SUM INSURED: At least US$ 2,500,000 per
occurrence or series of occurrences
during the period of insurance
GEOGRAPHICAL SCOPE: Slovenia / Worldwide for business
travel
DEDUCTIBLE: Not to exceed US$ 1,000 for each
claim.
PERIOD: From the earlier of (a) the date on
which the Insurances referred to in
Paragraph 4 of Part A of this
Appendix 1 expire and (b) the
Commercial Operations Date until
the date falling 12 months
thereafter to be renewed annually
prior to its expiry until the
payment in full of the Senior
Loans.
PRINCIPAL EXTENSIONS: (a) Employers Liability;
(b) Tenants Liability;
(c) Europewide jurisdiction;
-66-
(d) expenses, legal fees and
defence costs in addition
to the sum insured; and
(e) Environmental Liability.
4. MARINE
A MARINE COVER CAN BE PROVIDED BY THE HAULIER OR BY AN OWN INSURANCE
POLICY. HOWEVER THE FOLLOWING ISSUES SHOULD BE GRANTED.
INSURED: The Borrower;
CO-INSURED INTERESTS: The Senior Creditors
DESCRIPTION OF COVER: Coverage will extend to all risks
of direct physical loss or damage
to any goods whilst on
transportation. Coverage is
arranged on an open cover basis,
for all risks covering all
transport requirements.
SUM INSURED: The expected maximum value of the
largest single consignment/shipment
plus 10% for CIF, at least US$
2,500,000.
PERIOD: From Commercial Operations Date
resp. Day one of the first
consignment until the date falling
12 months thereafter to be renewed
annually prior to its expiry until
the payment in full of the Senior
Loans.
DEDUCTIBLES: Not exceeding US$ 5,000 each and
every loss or series of losses
consequent upon one event.
PRINCIPAL EXTENSIONS: (a) all forms of air, sea and
land conveyances to be
covered; and
(b) automatic cover, subject
to declaration of values
for premium purposes.
PRINCIPAL CONDITIONS: (a) all risks of physical loss
or damage as per institute
clauses or equivalent;
(b) institute war clauses
(cargo, air cargo) or
equivalent;
(c) institute strikes clause
(cargo, air cargo) or
equivalent;
(d) institute classification
clause, replacement
clause;
-67-
(e) debris removal clause;
(f) delayed unpacking (150
days) clause;
(g) offsite storage;
(h) non contribution from
other insurance;
(i) subrogation waiver; and
(j) bank clauses (loss payee
clause, assignment
clause).
PRINCIPAL EXCLUSIONS: (a) excluding rust, oxidation,
discoloration and costs of
chipping, scratching and
repainting/coating except
where plant/machinery is
packed/shipped using
approved specifications;
and
(b) excluding electrical and
mechanical derangement
unless caused by an
insured peril.
5. DIRECTORS & OFFICERS LIABILITY
INSURED: The Borrower
INSURED PERSONS: All of the Borrower's Directors and
Officers
COVER: D&O insurance provides cover for
claims made against the individual
directors & officers for 'wrongful
acts' committed as directors &
officers of the "company".
SUM INSURED: US$ 2.500.000 per occurrence or
series of occurrences during the
period of insurance.
GEOGRAPHICAL SCOPE: Worldwide
DEDUCTIBLE: Not to exceed US$ 5.000 for each
claim
PERIOD: From the General Operations Date
until the date falling 12 months
thereafter to be renewed annually
prior to its expiry until the
payment in full of the Senior
Loans.
PRINCIPAL CONDITIONS: Legal Liability with respect of
Civil Law
PRINCIPAL EXCLUSIONS: Wilful acts
-68-
C. OTHER INSURANCES
1. AUTOMOBILE THIRD PARTY LIABILITY AND OWN DAMAGE LIABILITY
Automobile bodily injury and property damage liability
insurance for vehicles of the Borrower requiring such cover
under the statutory requirements of Slovenia.

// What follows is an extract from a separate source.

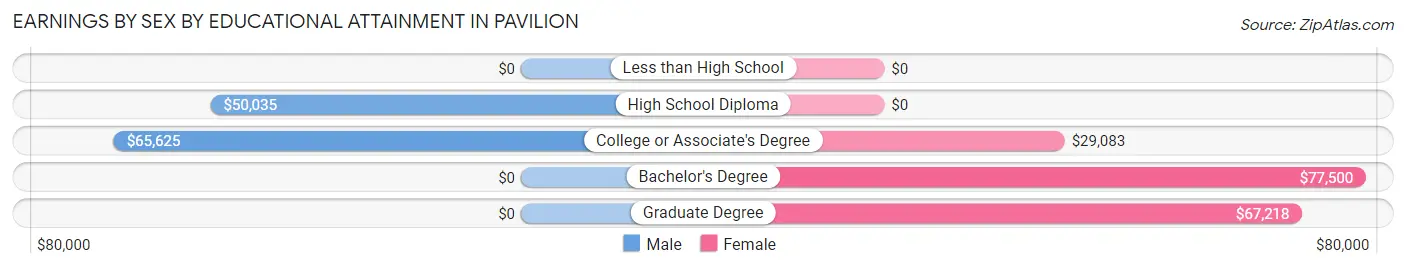 Earnings by Sex by Educational Attainment in Pavilion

2. PERSONAL ACCIDENT & TRAVEL
If overseas travel is undertaken by employees, consideration
should be given to the purchase of this cover.
If benefits available under this cover are provided as part of
employees' contracts (as opposed to a benefit to the
employer), then it will be important to ensure that no less
cover is provided post completion.
3. FIDELITY GUARANTEE/CRIME
Dishonesty from employees can represent a significant exposure
to employers. The exposure to fraud from outside third parties
may also be an area of concern going forward. Examples of
potential exposures include:
Funds transfer - this area is vulnerable to short and
long-term fraud;
Cheques - this is an area that may be susceptible to long term
fraud;
Computer Systems - accounting areas are also vulnerable to
short or long term fraud.
Terms and conditions of an insurance cover can not be provided
prior to a security check, usually done by an insurer."
124. Schedule 14 (Covenant Compliance Certificate) of the Original Facility
Agreement is amended by deleting such Schedule in its entirety and
replacing it with the following schedule:
"SCHEDULE 14
COVENANT COMPLIANCE CERTIFICATE
To: IKB Deutsche Industriebank AG as Off Shore Facility Agent
From: [Western Wireless International d.o.o.] [Western Wireless International
Corporation](1)
Dated:
----------
(1) Western Wireless International Corporation Certificate only required after
the Second Amendment Agreement Effective Date and to include the
information in paragraph 1, paragraph 2(a), (j), (k), (l) (as it applies to
the Group), paragraph 3(a) as it relates to the Sponsors' and Shareholders'
Undertaking and Completion Guarantee.
-69-
Dear Sirs
FACILITY AGREEMENT
DATED [-] (THE "AGREEMENT")
1. We refer to the Agreement. This is a Covenant Compliance Certificate.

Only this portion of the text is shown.